Utopia: A Healthy Society

David Cameron intends to complete the ruling class demolition of the NHS
The British National Health Service (NHS) is often described as being one of the best in the world. If it is, that really doesn't say much for the rest. The NHS is in deep crisis - it's starved of funds, and the coalition government is determined to accelerate Labour's privatisation of healthcare.

A personal example can help to show the current state of things. I have two large and prominent varicose veins on my left leg, which I have had since I was a teenager - more than a decade. Over the last year, I've started to get some discomfort in them, so I went to my doctor, who referred me to a specialist. I was given a forty-five minute ultrasound scan on my leg, similar to what pregnant women have on their wombs. After the scan, the specialist told me that an operation was "definitely" needed, because far from being cosmetic, it will be a "serious health risk" in years to come. Ulceration and blood clotting are a strong possibility.

Last week I had a follow-up appointment at the clinic. I was told that the local Primary Care Trust had recently withdrawn funding for varicose vein operations. The specialist had apparently appealed, but his concerns had apparently been dismissed with the not very reassuring words: "it's not life-threatening in the short term".

That sentence reveals so much. Because the government is restricting funds to the NHS in the wake of the international financial crisis, only immediately "life-threatening" conditions are being treated for free. The logical outcome of this process is hospitals being reduced to emergency rooms - much like in the United States.

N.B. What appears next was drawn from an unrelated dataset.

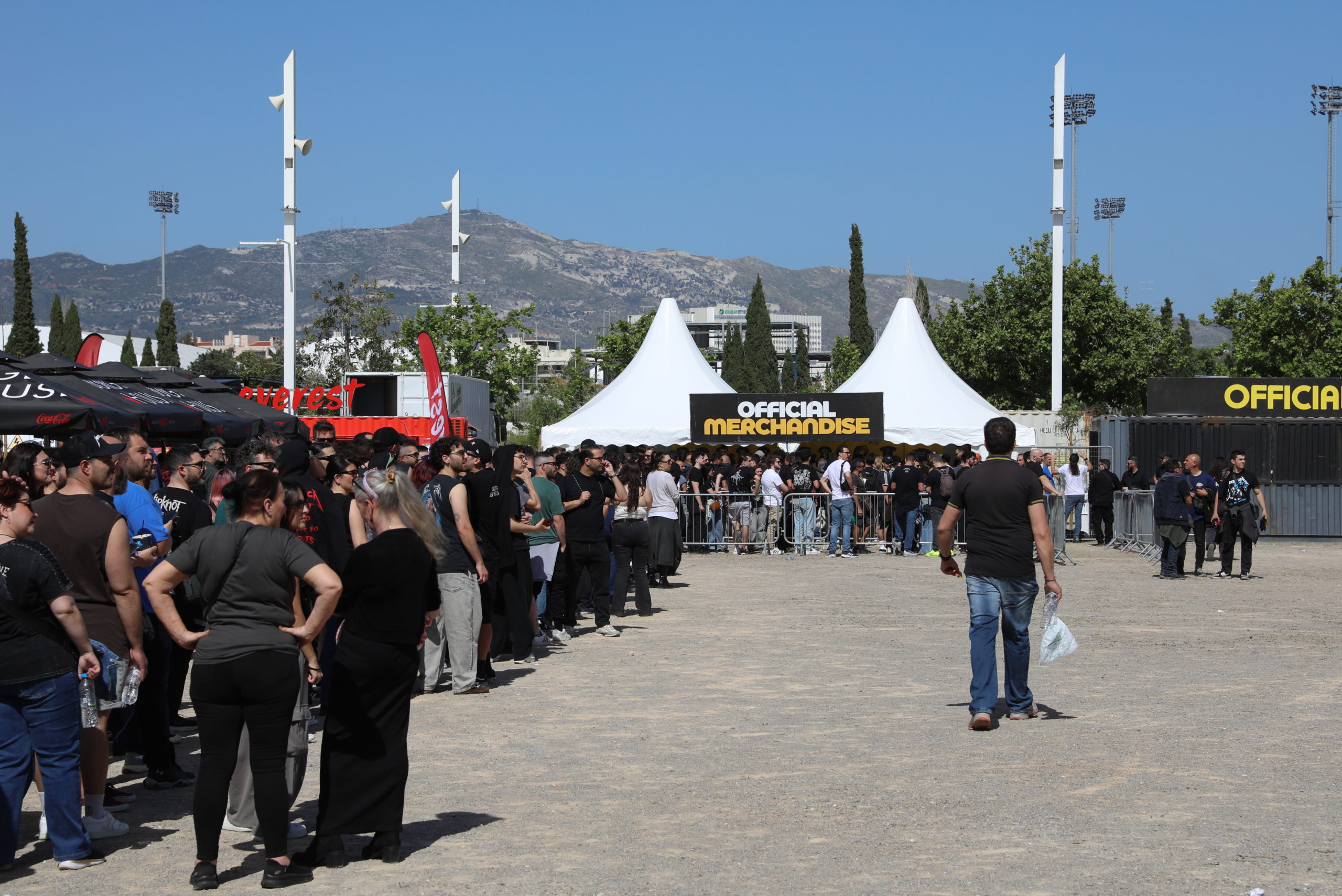 Metallica, ΟΑΚΑ, συναυλία, Ουρές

Of course, the NHS of today is a far cry from the NHS that was founded in 1948, as part of the post-war Beveridge concessions won by the working class. At the launch of the service, Health Minister Aneurin Bevan declared its three core principles to be:
  • That it meet the needs of everyone
  • That it be free at the point of delivery
  • That it be based on clinical need, not ability to pay
My case - so typical of many others around the country - shows that these principles are dead. It doesn't meet my need to have an important operation, because I have an inability to pay an estimated £2,000.

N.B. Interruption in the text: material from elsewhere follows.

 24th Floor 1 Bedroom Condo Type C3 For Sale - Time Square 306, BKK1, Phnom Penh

The NHS didn't die overnight when David Cameron became Prime Minister. The three principles have been under ruling class since the day the concessions were granted. Much of the work was done by Tony Blair's Labour government of the early noughties, but Labour started demolishing the project with which it is most associated in 1952, when a one shilling charge per prescription form was introduced. That's just over a pound in today's money, but the English charge is currently £7.40 per item. Many amongst the working poor go without the medicine they need. And a recent survey found that many British people consider dental treatment a "luxury".

Communists want to see free medical treatment for everyone. That would mean everyone would get the operations they need, no matter whether the condition is immediately life-threatening or just irritating. Everyone would be able to get the prescription drugs they need, without worrying about where the money's going to come from. And everyone would be able to get dental care. Preventative care would be hugely increased, and the negative environmental factors associated with the capitalist system - stress, pollution, food additives - would be eliminated.